The rot has spread far beyond real estate, but that offers a nice concrete example of the danger of keeping Big Finance from taking its lumps. So far, their lobbyists have fought off attempts to force them to renegotiate mortgages, especially plans that call for writing down the value of the loans to reflect the post-bubble market. This is understandable. But the reality is that there are a lot of homes "under water" — that is, worth less than the value of their mortgages — and a lot of mortgages with "teaser rates" are about to adjust upward. Foreclosures only drive down the value of the whole market further -- who wants to pay today's fair value when two other houses on the same street are headed toward foreclosure and might be had for a song in a few months?

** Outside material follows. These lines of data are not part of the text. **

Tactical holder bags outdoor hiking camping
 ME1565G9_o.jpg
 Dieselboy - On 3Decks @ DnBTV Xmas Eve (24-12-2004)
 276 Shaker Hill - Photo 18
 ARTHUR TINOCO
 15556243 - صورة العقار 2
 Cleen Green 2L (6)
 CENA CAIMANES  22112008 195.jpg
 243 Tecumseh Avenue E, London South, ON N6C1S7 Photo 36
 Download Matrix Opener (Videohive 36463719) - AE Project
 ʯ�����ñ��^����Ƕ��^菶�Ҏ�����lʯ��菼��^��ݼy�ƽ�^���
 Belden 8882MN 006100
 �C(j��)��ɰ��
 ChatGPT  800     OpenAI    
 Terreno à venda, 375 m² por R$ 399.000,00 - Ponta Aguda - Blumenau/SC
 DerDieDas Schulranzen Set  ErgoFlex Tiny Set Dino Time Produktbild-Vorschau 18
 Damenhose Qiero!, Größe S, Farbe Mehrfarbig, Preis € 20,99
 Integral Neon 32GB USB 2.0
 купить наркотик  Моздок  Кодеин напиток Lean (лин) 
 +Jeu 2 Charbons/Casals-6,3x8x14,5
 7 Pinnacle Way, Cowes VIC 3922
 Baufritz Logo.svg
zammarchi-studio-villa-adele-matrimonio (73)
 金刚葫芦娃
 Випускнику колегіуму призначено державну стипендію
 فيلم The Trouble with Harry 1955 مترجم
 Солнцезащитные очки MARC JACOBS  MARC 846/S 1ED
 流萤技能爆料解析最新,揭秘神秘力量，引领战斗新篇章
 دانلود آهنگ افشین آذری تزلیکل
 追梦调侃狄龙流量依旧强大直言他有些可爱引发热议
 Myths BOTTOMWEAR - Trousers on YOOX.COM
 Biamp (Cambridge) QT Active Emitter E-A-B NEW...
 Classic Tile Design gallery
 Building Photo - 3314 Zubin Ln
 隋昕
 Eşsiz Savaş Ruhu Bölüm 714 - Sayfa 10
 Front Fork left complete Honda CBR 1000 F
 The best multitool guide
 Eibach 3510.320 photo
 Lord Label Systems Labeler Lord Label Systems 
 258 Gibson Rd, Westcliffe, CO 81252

The justification for creating the big bailout honeypot for Wall Street was that banks are hoarding money, causing a "credit crunch" that's killing the whole economy. But that’s only true to a point; while financial institutions are holding cash, including, reportedly, those billions they gouged from the taxpayers, they appear to be doing so to protect their balance sheets, and in some cases, to fund mergers. The bigger problem -- one the bailout is hardly touching -- is that trillions in home equity and retirement accounts have vanished, and there aren’t a lot of people — or firms — looking to borrow money to buy stuff or expand right now.
Economist Dean Baker explains the dominance of the "credit crunch" narrative like this:
The media "largely ignored the growth of an $8 trillion housing bubble, by far the most important economic phenomenon of the decade. Now that it has burst and sent consumption plummeting, they are blaming the economic collapse on a 'credit crunch' instead of the more obvious problem that consumers just lost $6 trillion of housing wealth and another $8 trillion of stock wealth."
We hear a lot about banks not lending to one another these days -- another reason we have to buy up shares of their tanking stocks and guarantee their funky securities. But consider that as I write, a benchmark "interbank" lending rate (the LIBOR, if you care) is at its lowest point in history, meaning that banks aren’t, in fact, charging each other an arm and a leg for cash.
But, at the same time, William Prophet, an analyst at UBS, Switzerland’s biggest bank, told Bloomberg News that "the volume of loans apparently is still close to zero, and that hasn’t changed."